Mitsubishi Motors shares have outperformed all Asian peers this year, rising 84 percent, spurred by a demand revival for small cars and pickups in Southeast Asia.
While Japanese car exporters have benefitted from the yen plunging to a 24-year low, Mitsubishi has also been helped by a product mix suited to emerging markets in Asia, where pent-up demand is being turned into purchases as economies reopen after the pandemic’s peak.
While half of this year’s 10 best-performers among Asian auto stocks are from Japan thanks to the weak yen, Mitsubishi’s gains are more than double those of any compatriot.
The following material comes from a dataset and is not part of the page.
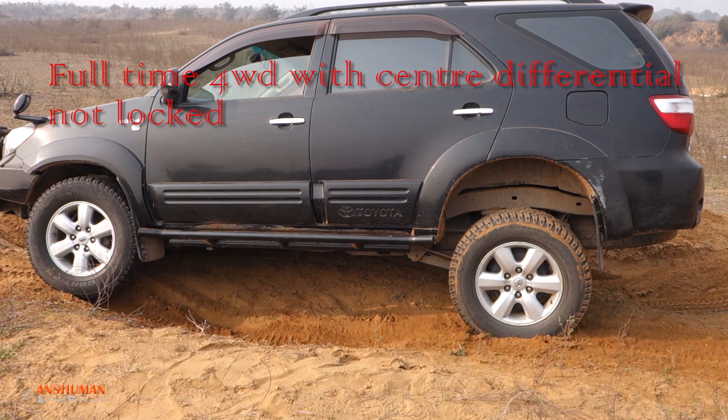This fourth demonstration is not related to the earlier three. This is the old generation Fortuner, which did not have a two-wheel drive mode — as the sticker on the back says, it has a full-time four-wheel drive mode. This car has a total of three differentials: a front differential, a rear differential, both of which are open type, and a center differential which is open in full-time four-wheel drive but can be locked using the gear lever.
Shares of Mazda and Subaru have climbed more than 20 percent, though Toyota’s have dropped.
Mitsubishi’s core markets include Thailand, Indonesia, Vietnam and the Philippines, making it “less vulnerable to the U.S. economy’s slowdown than for peers Toyota, Honda, Nissan, Subaru and Mazda,” said Tatsuo Yoshida, a senior analyst at Bloomberg Intelligence.
Mitsubishi, which is in an alliance with Nissan and Renault, gets about a quarter of its revenue from the Southeast Asia region.
Those markets are seen by many as bright spots in the receding global economy, with tailwinds from commodities, tourism and a high proportion of banks that are well-positioned for rising interest rates worldwide.
The automaker’s alliance with Renault is entering a new phase, with production set to start for rebadged and lightly restyled versions of two Renault models, the Clio small car and Captur small SUV. The Mitsubishi version of the Clio will be known as the Colt, and the Captur as the ASX. The vehicles will be built in Renault’s factories.